The Department retained the Industrial and Reformatory School system inherited in 1922, making only a few minor changes when circumstances demanded them. The Department continued to see itself, as Richard Mulcahy, the Minister for Education, put it, as ‘the man with the oil-can’ who goes around attending to squeaks but makes no fundamental change to the machinery.

227

The unit dealing with the schools was at a very low level in the hierarchy of the Department. It had considerable powers, but it lacked the initiative and authority to do anything more than maintain the status quo, and keep the costs down. When alternative strategies for helping children in care emerged, such as boarding out, they were ignored. The Department of Education’s submission to the Commission stated: We do not have any records to suggest that this was actively considered by the Department. The Department did not see itself as having an active policy or operational role in the committal of children to institutions and it seems likely that it would have taken the view that the question of boarding out was a matter for the Department of Health. Could the government have done more to make the schools better run?

228

Assuming that the Industrial Schools or something like them would have had to exist for some children, much could have been done by the Department of Education to improve their operation.

229

The Department was, firstly, lacking in detailed information. The inspections were too few and too limited in scope. The failure to insist on an external review on at least two occasions during the period between Cussen and Kennedy was supine. The need for some kind of external informed supervision of the certified schools is self-evident.

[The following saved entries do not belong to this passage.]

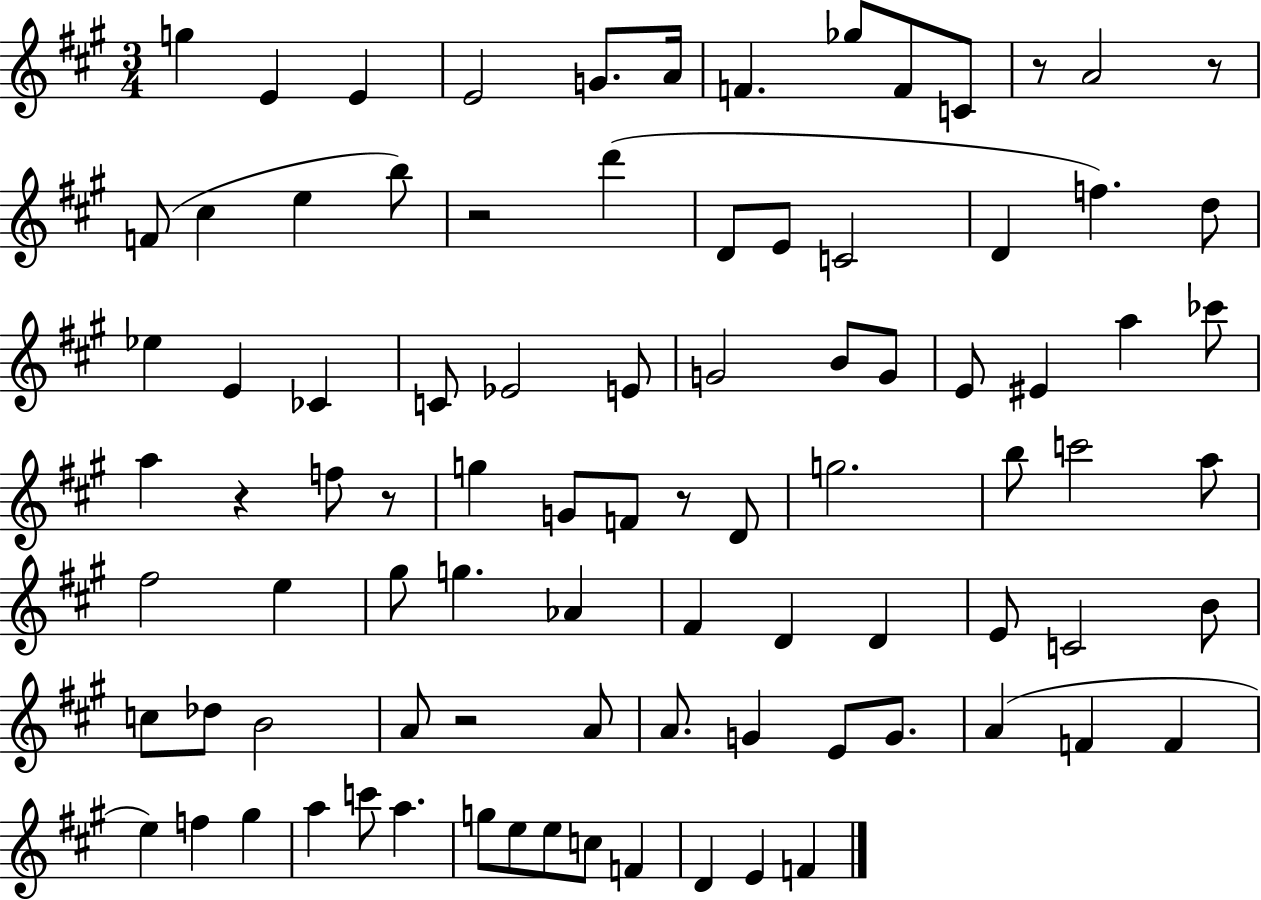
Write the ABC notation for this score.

X:1
T:Untitled
M:3/4
L:1/4
K:A
g E E E2 G/2 A/4 F _g/2 F/2 C/2 z/2 A2 z/2 F/2 ^c e b/2 z2 d' D/2 E/2 C2 D f d/2 _e E _C C/2 _E2 E/2 G2 B/2 G/2 E/2 ^E a _c'/2 a z f/2 z/2 g G/2 F/2 z/2 D/2 g2 b/2 c'2 a/2 ^f2 e ^g/2 g _A ^F D D E/2 C2 B/2 c/2 _d/2 B2 A/2 z2 A/2 A/2 G E/2 G/2 A F F e f ^g a c'/2 a g/2 e/2 e/2 c/2 F D E F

If the Department had been in possession of better information about the schools, it would have been in a stronger position to exercise control. In addition, greater openness would probably have reduced the level of abuse: sunshine is the best disinfectant. It is plain too from the chapters on individual schools that officials did know of many of the abuses that were going on in the schools.

230

The Department of Education should have exercised more of its ample legal powers over the schools in the interests of the children. The power to remove a Manager given to the Department in 1941 should have been exercised or even threatened on more than the handful of occasions when it was invoked. This would have emphasised the State’s right to intervene on behalf of a vulnerable group.

231

The Department was woefully lacking in ideas about policy and made no attempt to impose changes that would have improved the lot of the detained children.

232

Finally, evidence of the failures by the Department that are catalogued in the chapters on the schools can also be seen as tacit acknowledgment by the State of the ascendancy of the Congregations and their ownership of the system. The Department’s Secretary General, at a public hearing, told the Investigation Committee that the Department had shown a ‘very significant deference’ towards the religious Congregations. This deference impeded change, and it took the Kennedy Report in 1971 to begin the process of dismantling the Industrial and Reformatory School system.